Thursday, October 29, 2009

Dial 'M' for... Misleading

Winnipeg Free Press, you know I love you, but... man, it seems like I've been saying that a lot lately. Winnipeg Free Press, you know I love you, but sometimes you offer some questionable conclusions.

I'm thinking specifically of your report yesterday, proclaiming -- I can only assume with true, diehard civic pride -- that Winnipeg successfully reclaimed its crown and walked tall as the Murder Capital of Canada in 2008.

Yeah! Woo! Party!

But, no, hang on a second here. Much as I adore our city's constant contendership for the Slurpee and Murder Capital crowns (because, admit it, it's nice to believe that we can win something), there's a lot about this declaration that I don't think I can fully endorse.

The first natural reaction is "why the hell are you guys reporting last year's statistics as news, it's like Halloween by now", but you have to play the cards you're dealt. It's attractive to suggest that Statistics Canada put out their Homicide in Canada 2008 report like it was a big deal, but the truth is that they just do crap like this for fun literally all the time. Every weekday they produce a whole bunch of news reports on various things that they were in no particular hurry to get done, a StatsCan function they like to call "The Daily" -- which is totally unreasonable, because what kind of 'daily' doesn't even publish on a Sunday? I know, right?

So, rather than treating it as any sort of major news story, Statistics Canada scheduled their big press release about last year's homicide statistics for the same release date as a report on railway carloading figures from a couple months ago, a study of the placement of hatchery chicks on farms, and a coast-to-coast headcount of pigs. You can see how important this is to them.

Late as the figures may seem, we get 'em when we get 'em, so that one's pretty much out of your hands. But then another, stranger question popped up: why is Winnipeg the "Murder Capital" if, according to Statistics Canada, the murder rate is highest in Abbotsford-Mission, BC?

The Winnipeg Sun took the uncharacteristically reserved tack of titling their article on the subject "Gang violence drives up homicide rates", but they're the Sun so who cares. The National Post offered no commentary and only put up the raw numbers, assumedly because everyone over there is too busy worrying about whether or not they'll still be employed on Monday. CBC News lists the ten largest cities as a sidebar but ignores them in the text proper, instead talking about provincial homicide rates and firearm use. And Global Winnipeg echoed the Free Press' "Murder Capital" declaration, but that's only because they just copied and pasted the Free Press article wholesale. Global, c'mon now. Honestly.

What's the deal?

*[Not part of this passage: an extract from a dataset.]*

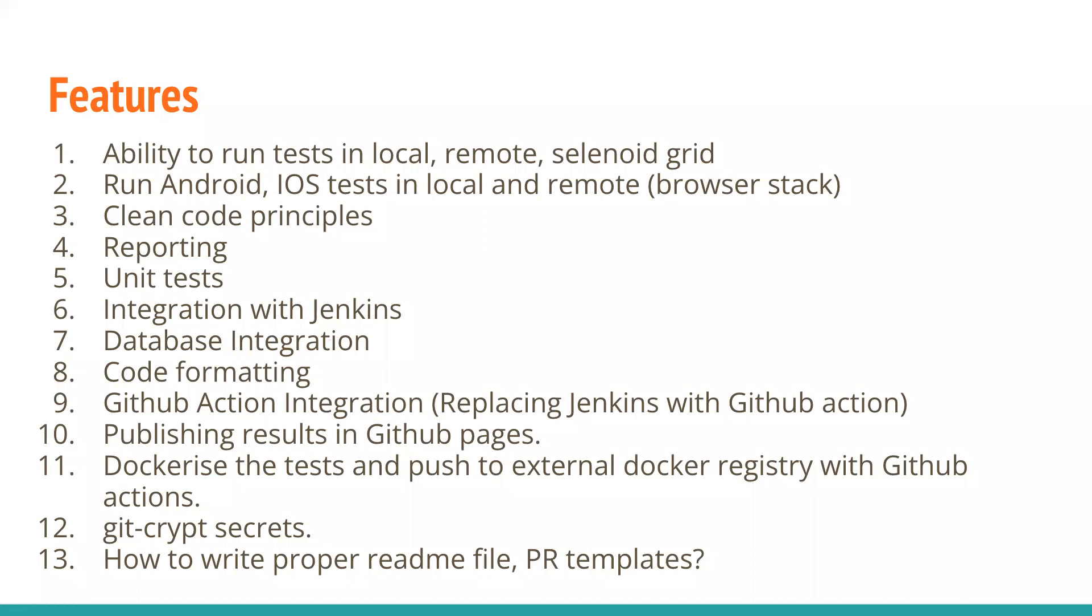We're going to do a lot of things. We're going to do code formatting because different people format their code differently, but when you're working in a team, we all need to follow some practice. We're going to have a Maven plugin to help us do this task. We'll also learn about GitHub Actions integrations and how we can replace Jenkins entirely and run our tests within GitHub itself.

The deal is this: Statistics Canada grouped the areas studied by population, listing the cities larger than 500,000 people as one category and the cities between 100,000 and 500,000 as another. StatsCan gives no instructions or reasons to treat the categories as purposefully distinguished from one another out of any higher reason than organization, but members of our local media have apparently decided to run with the idea that the larger cities are the only ones worthy of being titled the Murder Capital.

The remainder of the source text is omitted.